Мэт потер толстыми концами ладоней глаза, опустил их и зевнул.
– Что стряслось? – Как будто он только что вылез из-под одеяла и вышел из спальни посреди препирательств.
Его мать сказала ему что-то по-японски – быстро-быстро и огорченно. Он воззрился на нее в каком-то туманном оцепенении, потом поднял голову и глянул на Финикийца.
– Какие проблемы, братан?
– Снимок. Твоя фотография, которую снял этот жирдяй. Она мне нужна.
– Только и делов-то? Если я найду ее, ты что, хочешь, чтоб я на ней свой автограф для тебя оставил?
Финикиец слов попусту не тратил. Обогнув прилавок, он подошел к дверке высотой по пояс, которая позволила бы ему попасть в пространство за стойкой и кассой. Мама Мэта, вновь взявшаяся как-то обреченно шарить взглядом по полу, тут же вскинула голову и уперлась рукой в дверцу изнутри, не дав ему пройти в нее. Выражение лица у нее сделалось строго неодобрительным.
– Нет! Покупатели стоят по ту сторону! Нет и нет!
– Мне нужна эта гребаная фотография, – сказал Финикиец.
– Эй-ей, братан! – Если Мэт и пребывал в оцепенении, то он его стряхнул. Он встал между матерью и Финикийцем и вдруг показался очень большим. – Ты же слышал ее. Осади назад. Политика компании: никому из не работающих в ней сюда хода нет. Не нравится? Купи открытку и пошли жалобу в «Мобил». Там умирают в ожидании весточки от тебя.
– Может, поторопитесь? У меня ребенок в машине, – сказала стоявшая за мной женщина, прижимая к себе полную охапку кошачьих консервов.
Что? А вы думали, что в такое время в магазине «Мобил» нас всего четверо было? Пока я плескал своей «Полярной голубизной на кока-коле со льдом» в Финикийца, пока он ругался, злился и угрожал, люди входили, брали напитки с чипсами, брали большие сандвичи в упаковке и вставали за мной в очередь. К тому моменту очередь уже на полмагазина растянулась.
Мэт отошел к кассе.
– Следующий.
Мамаша с охапкой консервных банок осторожно обошла фантастически расцвеченную лужу ярко сияющей голубизны, и Мэт принялся пробивать ее покупки.
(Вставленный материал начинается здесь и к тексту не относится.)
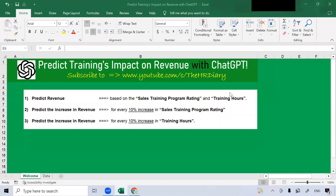Hello, welcome to the HR Diary. Do you know that ChatGPT can help you to predict training's impact on revenue? For ChatGPT to do this, you need to ask the right questions, use the right data, and use the right terminology. The result can be very different depending on how you phrase your questions. In this hands-on tutorial, I'm going to show you how ChatGPT can help you with these three areas.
Финикиец опешил, не веря своим глазам. Крутое пренебрежение Мэта вызвало в нем такую же ярость, как и мое ополаскивание его штанов льдистой голубизной.
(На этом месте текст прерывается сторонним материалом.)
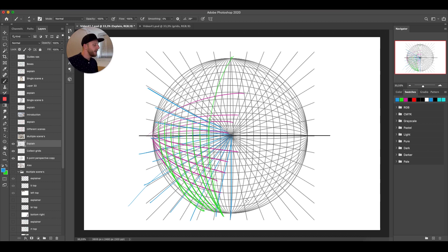It's called five-point perspective because we have five points. It's important to know this because when we look at the scenes you'll see that he's using different places on this grid. So let's have a look at how he does it.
– Знаешь что? Дыбись оно конем. Провались эта лавка, провались этот жиртрест помойный, и провались ты, косоглазый. У меня хватит бензина выбраться из этой сральни, и этого уже более чем достаточно. Ни на единый грош больше необходимого не потратил бы в этом сортире.
– С вас доллар восемьдесят девять, – сказал Мэт женщине с кошачьей едой. – Никакой дополнительной платы за дневное увеселение.
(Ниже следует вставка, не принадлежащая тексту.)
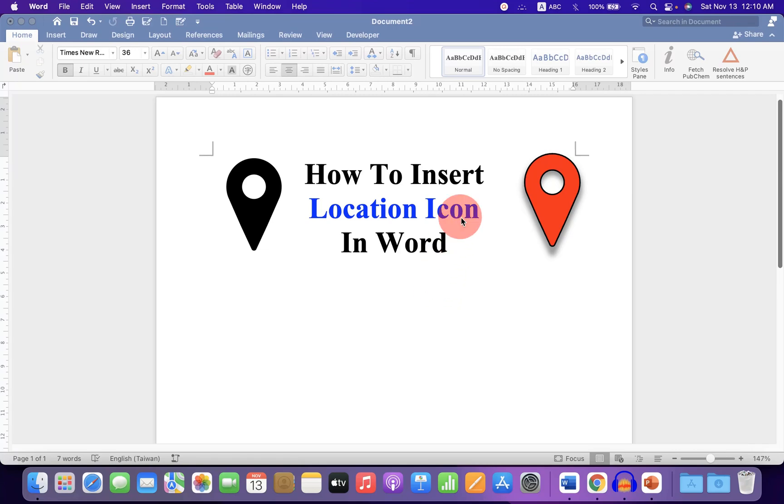In this video, you will see how to insert a location icon in a Word document.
Финикиец уже дошел до выхода, но задержался в дверях и, оглянувшись, уставился на меня:
– Тебя, детеныш, я не забуду. Смотри в обе стороны, когда дорогу переходить станешь, понял меня?
Меня до того сковал страх, что я и пискнуть ничего не мог в ответ. Финикиец ударом распахнул дверь. Чуть погодя его «кадик» сорвался с места от колонок и, немилосердно визжа шинами, умчался к автостраде.
Я использовал оставшиеся полотенца, чтобы подтереть пол. Почувствовал облегчение, опустившись на колени, потупив взгляд, чтоб можно было поплакать втихомолку. Послушайте, мне было тринадцать лет. Меня обходили покупатели, платили за купленное и уходили, старательно делая вид, что не слышат моих всхлипываний и сдавленных воздыханий.
Когда с лужей было покончено (пол был липким, но сухим), я понес громадный ком пропитанных влагой бумажных тряпок за прилавок. Миссис Мацузака стояла рядом с сыном, устремив взгляд куда-то вдаль и строго поджавши губы… но, завидя меня с грузом мокрых полотенец, она отрешилась от задумчивости и потянула из-под прилавка большущий мусорный ящик. И покатила его на колесиках в мою сторону – вот тогда-то я и увидел его: моментальный снимок, лежавший лицевой стороной к полу, в уголке, он скользнул под ящик, потому его и видно не было.
Миссис Мацузака тоже его увидела и вернулась за ним, пока я сваливал влажные бумажные полотенца в мусорный ящик. Она недоуменно уставилась на фото, словно глазам своим не верила. Взглянула на меня… потом протянула карточку, чтоб и я смог посмотреть.
На фото должен бы быть Мэт, крупный план. Объектив был направлен прямо ему в лицо.
Вместо этого на фотографии был я.
Только на снимке я был не таким, каким был минуты назад. А будто за недели до этого. На фото я сидел в пластиковом кресле у автомата с содовой, читал «Популярную механику» и прихлебывал из громадного пластикового стакана, полного шипучки. На снимке «Полароида» («Солярида»?) я был одет в белую футболку с Хьюи Льюисом[15] и джинсовые шорты до колен. Сегодня же на мне были шорты-хаки и гавайская рубаха с карманами. Фотограф должен был бы снимать, стоя за прилавком.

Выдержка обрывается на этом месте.